→ What to do: Leaving out every picture, copy the lines of the data exactly, from the first through the line containing "This practice today".

── Input records ──

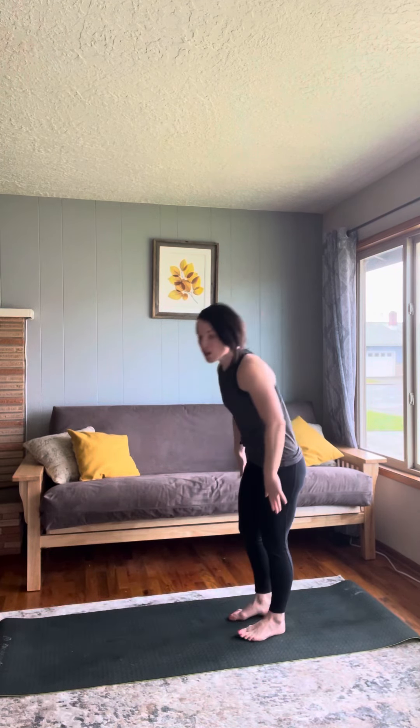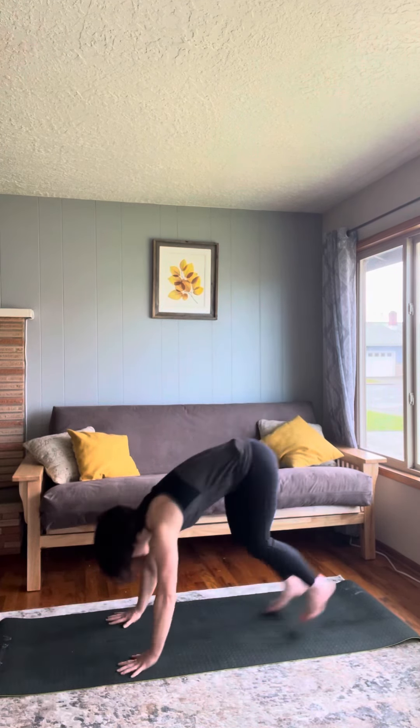For this workout, you're going to start with 10 repetitions of a burpee. Here's a burpee: you're going to go all the way down to the floor, all the way back up, hands up overhead, and hop. Burpee.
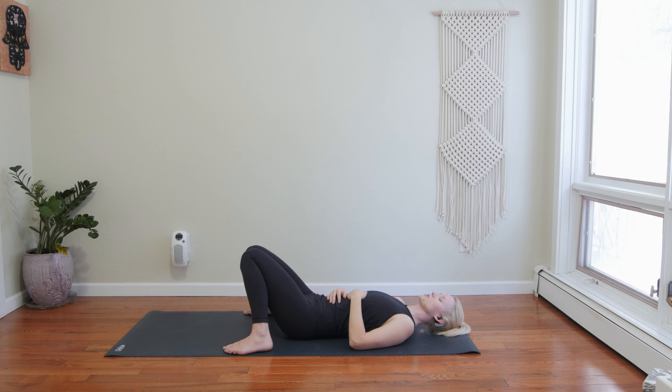This practice today is going to take us through different twists. I love to focus a class on twists to help purge whatever you are holding on to that no longer serves you. Whether you are using twists to aid your body in the elimination process or diving deeper into something you need to rid yourself of — whether it's energy, something emotional — be open to the possibility of letting go.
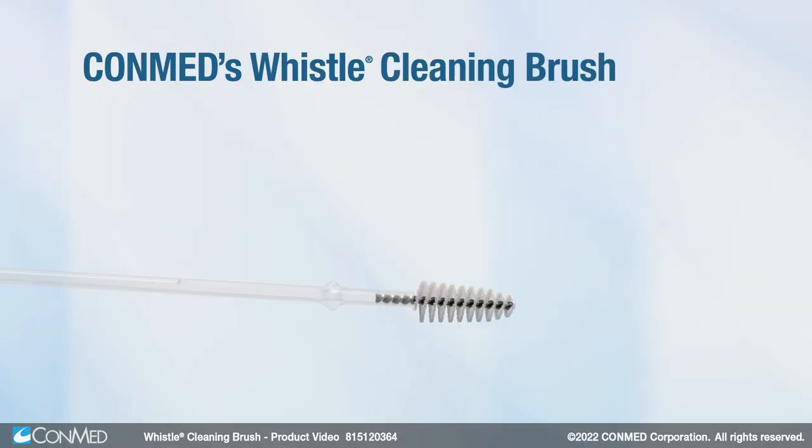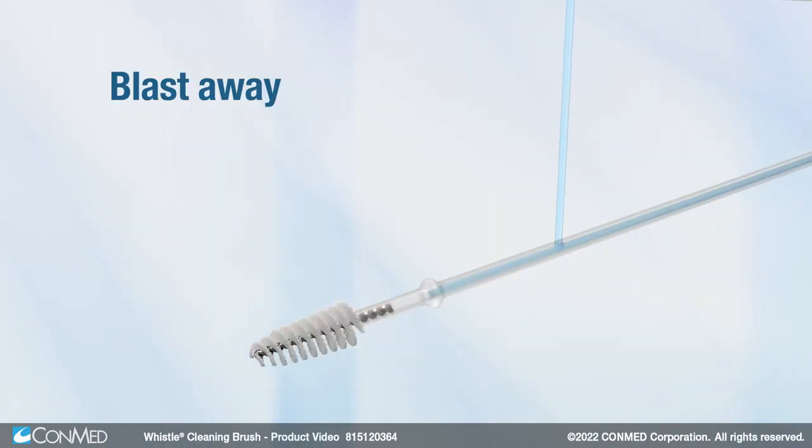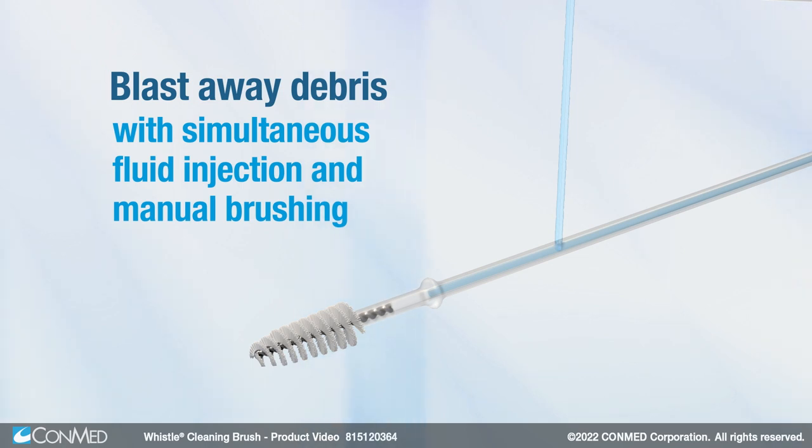CONMED's Whistle Cleaning Brush is an economical cleaning solution compared to purchasing disposable duodenoscopes. Blast away debris with simultaneous fluid injection and manual brushing.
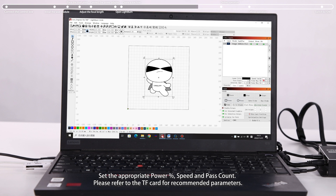Set the appropriate power percent, speed, and pass count. Please refer to the TF card for recommended parameters.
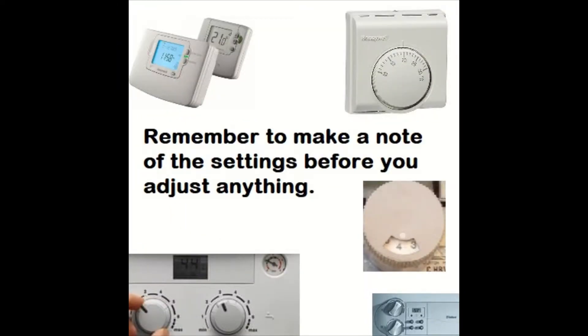Make sure you make a note of the temperature settings, or take a photo — I find that's easiest — or any programs that you've changed, or hot water temperature, so you can set it back at the end when you've finished the service or whatever job you're doing. This will avoid the customer calling you up saying the hot water is too hot or too cold — just stops any aggro.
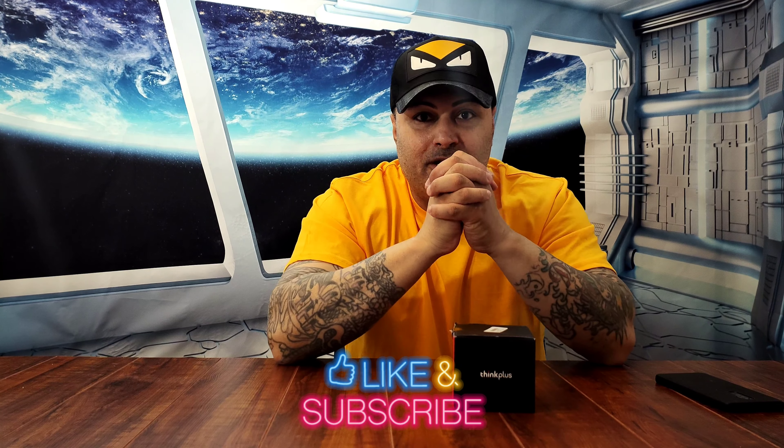Then we're going to come back here, hook it up to my phone, and listen to some music to see how the sound quality is. But before we do all that, don't forget to smash that subscribe button, press that like button, and if you like, press that bell button as well — so every time I make a new video you'll get a reminder. I'll see you guys in a second.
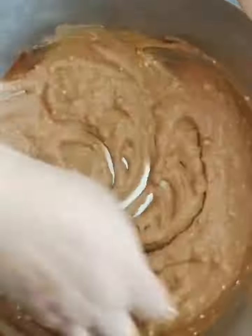Apply this paste to the chicken and marinate for about 6 hours.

───

→ Expected answer:
For this workout, you're going to start with 10 repetitions of a burpee. Here's a burpee: you're going to go all the way down to the floor, all the way back up, hands up overhead, and hop. Burpee.
This practice today is going to take us through different twists. I love to focus a class on twists to help purge whatever you are holding on to that no longer serves you. Whether you are using twists to aid your body in the elimination process or diving deeper into something you need to rid yourself of — whether it's energy, something emotional — be open to the possibility of letting go.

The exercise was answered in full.